▶ **SOURCE MATERIAL**:
# # # # #

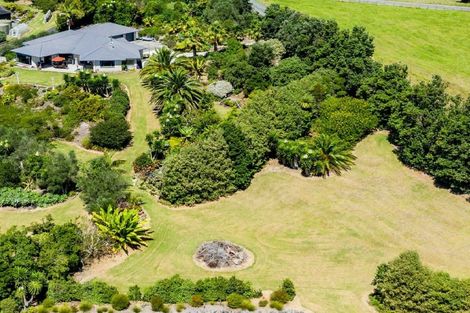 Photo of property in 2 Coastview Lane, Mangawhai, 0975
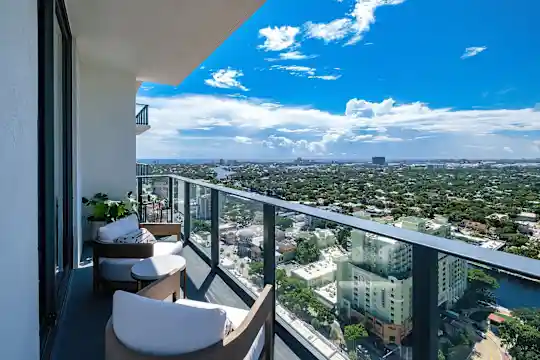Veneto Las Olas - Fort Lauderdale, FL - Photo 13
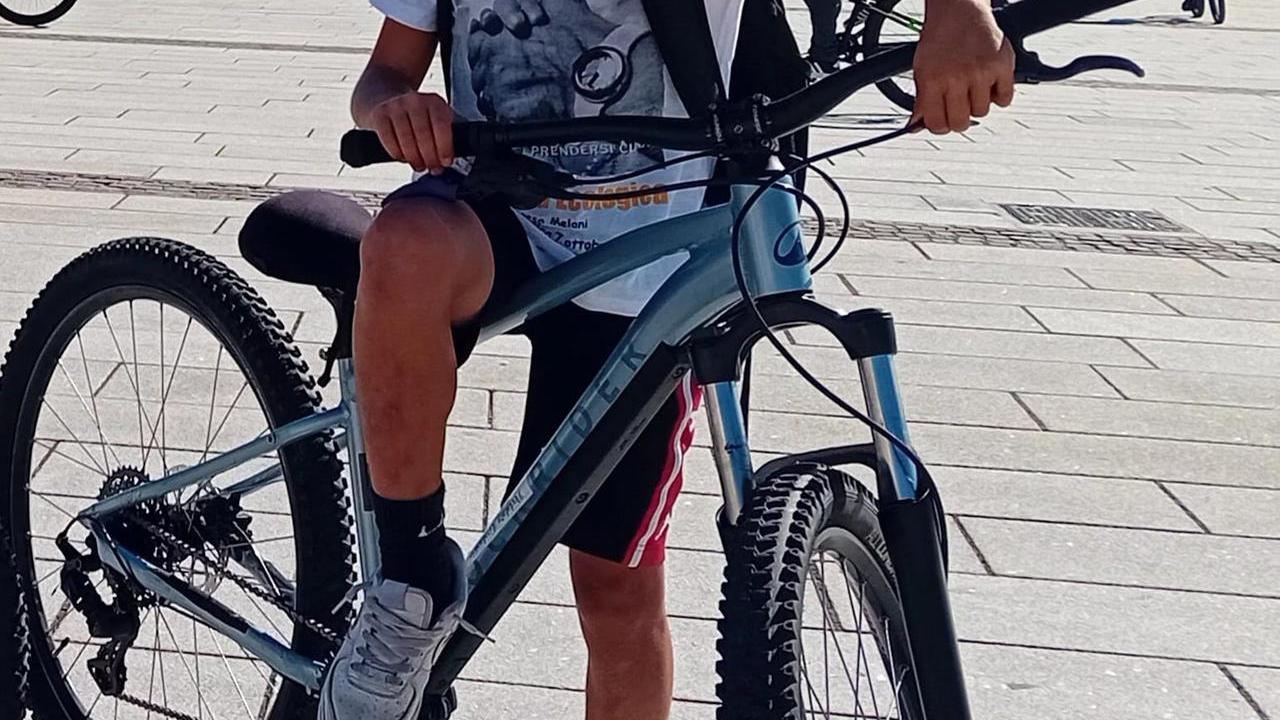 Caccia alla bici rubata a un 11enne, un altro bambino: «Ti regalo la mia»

# # # # #

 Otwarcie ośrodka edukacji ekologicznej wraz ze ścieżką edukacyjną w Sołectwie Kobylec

# # # # #

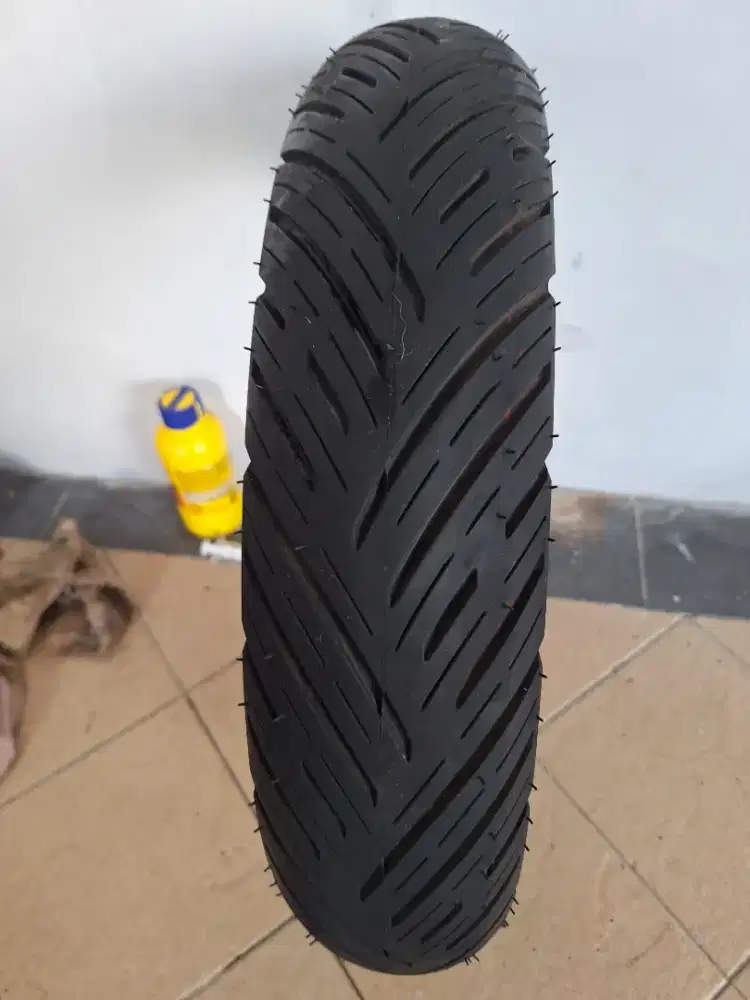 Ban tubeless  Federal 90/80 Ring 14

# # # # #

▶ **WHAT THIS TASK INVOLVES**: Once the line with "Photo of property" is found above, print it and every line after it through the line with "Caccia alla bici", exactly. Pictures stay out.

▶ **OUTPUT BELOW**:
 Photo of property in 2 Coastview Lane, Mangawhai, 0975
Veneto Las Olas - Fort Lauderdale, FL - Photo 13
 Caccia alla bici rubata a un 11enne, un altro bambino: «Ti regalo la mia»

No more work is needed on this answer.